The British response to the Boston Tea Party was to impose even more stringent policies on the Massachusetts colony. The Coercive Acts levied fines for the destroyed tea, sent British troops to Boston, and rewrote the colonial charter of Massachusetts, giving broadly expanded powers to the royally appointed governor.
American colonists were outraged over the tea tax, which had existed since the 1767 Townshend Revenue Act and did not get repealed like the other taxes in 1770, and believed the Tea Act was a tactic to gain colonial support for the tax already enforced.
But the colonists were angry because the Act would give the East India Company a monopoly on tea sales in the colonies. The colonists became angry again about being taxed without representation.
Because all legal tea entered the colonies through England, allowing the East India Company to pay lower taxes in Britain also allowed it to sell tea more cheaply in the colonies.
The colonists had never accepted the constitutionality of the duty on tea, and the Tea Act rekindled their opposition to it. Their resistance culminated in the Boston Tea Party on December 16, 1773, in which colonists boarded East India Company ships and dumped their loads of tea overboard.
The Boston Tea Party was a political protest that occurred on December 16, 1773, at Griffin's Wharf in Boston, Massachusetts. American colonists, frustrated and angry at Britain for imposing “taxation without representation,” dumped 342 chests of tea, imported by the British East India Company into the harbor.
The 1773 Act gave the British East India Company a monopoly on British Tea, so it had control over all tea sold in the colonies. Even though the price of tea was lowered, the colonists were angry because they were forced to buy only British East India Company's tea and no longer could buy any tea they wanted.
Colonists responded to the Intolerable Acts with a show of unity, convening the First Continental Congress to discuss and negotiate a unified approach to the British.
The Charter act of 1813 ended the monopoly of the East India Company in India, however the company's monopoly in trade with china and trade in tea was remained intact.
It was an act of protest in which a group of 60 American colonists threw 342 chests of tea into Boston Harbor to agitate against both a tax on tea (which had been an example of taxation without representation) and the perceived monopoly of the East India Company.
How did the British benefit from the Tea Act?

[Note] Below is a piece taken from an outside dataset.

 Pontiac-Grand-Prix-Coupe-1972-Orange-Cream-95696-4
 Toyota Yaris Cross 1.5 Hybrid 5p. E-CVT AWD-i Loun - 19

In an effort to help the financially troubled British East India Company sell 17,000,000 pounds of tea stored in England, the Tea Act rearranged excise regulations so that the company could pay the Townshend duty and still undersell its competitors.
The Company lost all its administrative powers following the Government of India Act of 1858, and its Indian possessions and armed forces were taken over by the Crown.
Some colonists joined the Sons and Daughters of Liberty. How did colonists respond to the Tea Act of 1773? Dressed as Indians, a group of colonists boarded British ships in Boston harbor and dumped the cargo of tea overboard. The Boston Tea Party!
What methods did colonists use to protest actions by Parliament between 1765-1775? Organized secret resistance groups, assemblies to confront parliament about lack of representation.
While the Tea Party itself didn't mobilize Americans en masse, it was Parliament's reaction to it that did. In 1774, the UK passed what are known as the Intolerable Acts or the Coercive Acts, a series of punitive measures meant to teach the rebellious colonists who was boss.
The British called their responsive measures to the Boston Tea Party the Coercive Acts. Boston Harbor was closed to trade until the owners of the tea were compensated. Only food and firewood were permitted into the port. Town meetings were banned, and the authority of the royal governor was increased.
Boston patriots organized the Boston Tea Party to protest the 1773 Tea Act. In December 1773, Samuel Adams warned Boston residents of the consequences of the Tea Act. Boston was boycotting the tea in protest of the Tea Act and would not let the ships bring the tea ashore.
How did the British respond to the Boston Tea Party? The British responded to the Boston Tea Party by shutting down Boston Harbor. Shortly after that, Parliament passed several intolerable acts.
The most successful method of colonial protest against British taxes was that of nonimportation. The nonimportation of British goods placed a strain on the British economy and hurt British merchants.
The Act resulted in violent protests in America and the colonists argued that there should be "No Taxation without Representation" and that it went against the British constitution to be forced to pay a tax to which they had not agreed through representation in Parliament.
What actions did the colonists take against the Intolerable Acts?
The Intolerable Acts were aimed at isolating Boston, the seat of the most radical anti-British sentiment, from the other colonies. Colonists responded to the Intolerable Acts with a show of unity, convening the First Continental Congress to discuss and negotiate a unified approach to the British.
The four acts were the Boston Port Act, the Massachusetts Government Act, the Administration of Justice Act, and the Quartering Act.
The Intolerable Acts, issued as the Coercive Acts in 1774, were four separate laws passed by the British parliament to respond to colonial action at the Boston Tea Party.
Britain passed this to punish the colonists for throwing a large tea shipment into Boston Harbor. The colonists responded to The Intolerable Acts by boycotting it and going on strike.